Buying a house can be a pretty daunting prospect. It’s a process that is expensive, stressful, tricky to get right and long-winded. Yet, despite all of that it’s still something many of us want to do. The safety and security of a permanent roof over our heads makes buying a house an attractive prospect – and the prospect of investing in something tangible makes the hassle financially worthwhile. So, with many people wanting to make that step into home ownership, what makes 2015 the year that they should take the plunge? What about people looking to move up the ladder too?

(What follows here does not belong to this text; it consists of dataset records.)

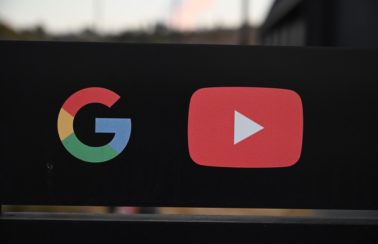 YouTube irá remover vídeos com informações falsas sobre vacinas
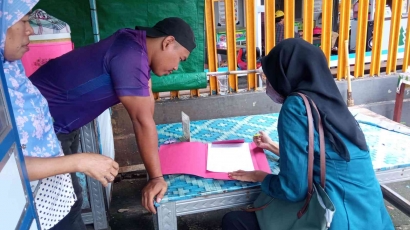 Kolaborasi Mahasiswa KKN Tematik Undip dengan PKL Sate di Kelurahan Tembalang dalam Program SEHATI (Sertifikasi Halal Gratis)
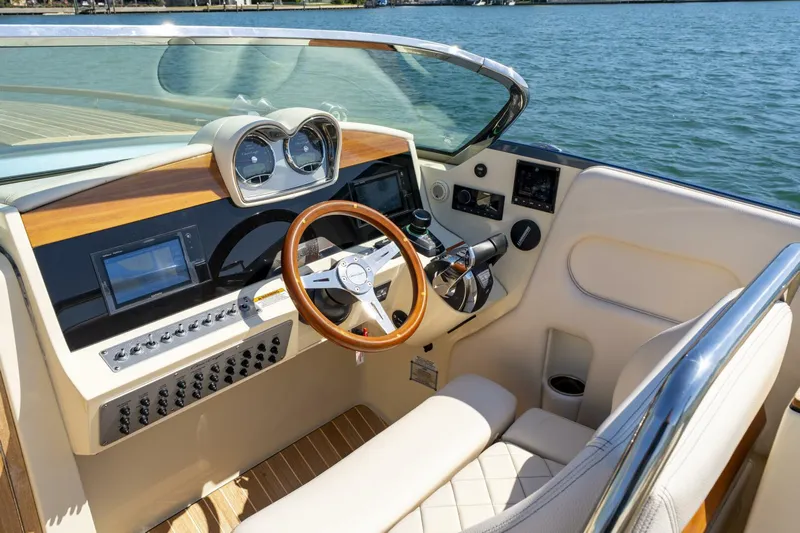  Yacht Photos Pics 2020 Chris-craft Corsair 34 - Image 39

One of the changes all buyers can benefit from in 2015 is those made to Stamp Duty. Brought in in December, these rules make a difference to the up-front cost that you’ll need to bear. Previously you had to fork out 1% of the purchase price in Stamp Duty on properties between £125,000 and £250,000 and 3% up to £500,000. Under the new system you still pay nothing below £125,000 and then above that you pay 2% of the cost over and above that figure, i.e. if your house is £130,000 you now pay 2% of £5,000, instead of 1% of the full cost, or £100 instead of £1,300. In Scotland the duty was rebranded as the Land and Buildings Transaction Tax and although it operates in a similar way it carries no charge for the first £145,000 of the cost.
As with any decision there are push and pull factors when it comes to buying a house. One thing that may well ‘push’ you into buying a house this year is the increased cost of renting. The price of renting is rising to a point where the cost far outstrips the amount you could be paying towards your own bricks and mortar – with more than a quarter of landlords plotting above-inflation rent increases during this calendar year.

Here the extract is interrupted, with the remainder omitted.